Enhancing Biomedical Research with ARIEL: Benchmarking Large Language and Multi-Modal Models
arXiv:2505.04638v1 Announce Type: new
Abstract: Large Language Models (LLMs) and Large Multi-Modal Models (LMMs) have emerged as transformative tools in scientific research, yet their reliability and specific contributions to biomedical applications remain insufficiently characterized. In this study, we present textbf{AR}tificial textbf{I}ntelligence research assistant for textbf{E}xpert-involved textbf{L}earning (ARIEL), a multimodal dataset designed to benchmark and enhance two critical capabilities of LLMs and LMMs in biomedical research: summarizing extensive scientific texts and interpreting complex biomedical figures. To facilitate rigorous assessment, we create two open-source sets comprising biomedical articles and figures with designed questions. We systematically benchmark both open- and closed-source foundation models, incorporating expert-driven human evaluations conducted by doctoral-level experts. Furthermore, we improve model performance through targeted prompt engineering and fine-tuning strategies for summarizing research papers, and apply test-time computational scaling to enhance the reasoning capabilities of LMMs, achieving superior accuracy compared to human-expert corrections. We also explore the potential of using LMM Agents to generate scientific hypotheses from diverse multimodal inputs. Overall, our results delineate clear strengths and highlight significant limitations of current foundation models, providing actionable insights and guiding future advancements in deploying large-scale language and multi-modal models within biomedical research.
Expert Commentary on Large Language Models and Multi-Modal Models in Biomedical Research
Large Language Models (LLMs) and Large Multi-Modal Models (LMMs) have been at the forefront of scientific research, revolutionizing the way we approach data analysis and interpretation.
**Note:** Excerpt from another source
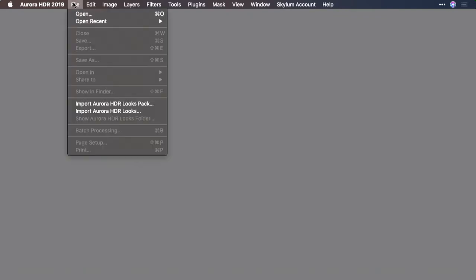Before you can use Aurora HDR as a plug-in, you'll need to install it first. With Aurora HDR launched, you'll need to make sure you have a project file open.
In this study, the researchers introduce ARIEL, a multimodal dataset specifically tailored for benchmarking and enhancing the capabilities of LLMs and LMMs in the field of biomedical research. This marks a significant step towards harnessing the power of artificial intelligence in a domain that is crucial for advancing healthcare and medical knowledge.
Interdisciplinary Approach
One of the key aspects of this study is the multi-disciplinary nature of the concepts explored. By combining expertise in artificial intelligence, natural language processing, and biomedical research, the researchers have been able to create a dataset that challenges current models to perform tasks specific to the biomedical domain. This highlights the importance of collaboration across different fields to push the boundaries of what is possible with AI technologies.
Enhancing Model Performance
The researchers go beyond simply benchmarking existing models and delve into strategies for improving performance. By incorporating expert evaluations and fine-tuning strategies, they are able to enhance the summarization and interpretation capabilities of these models. This approach not only highlights the potential of AI in biomedical research but also underscores the importance of continuous refinement and optimization to achieve superior results.
Future Directions
The findings of this study offer valuable insights into the strengths and limitations of current foundation models in the context of biomedical applications. By identifying areas for improvement and providing actionable recommendations, the researchers pave the way for future advancements in the deployment of LLMs and LMMs in biomedical research. The exploration of using LMM Agents to generate scientific hypotheses further opens up new possibilities for leveraging multimodal inputs in research settings.
This study serves as a compelling example of how artificial intelligence can be harnessed to drive innovation in complex domains such as biomedical research. By continuing to push the boundaries of what is possible with large-scale language and multi-modal models, we are likely to see even greater advancements in scientific discovery and knowledge generation.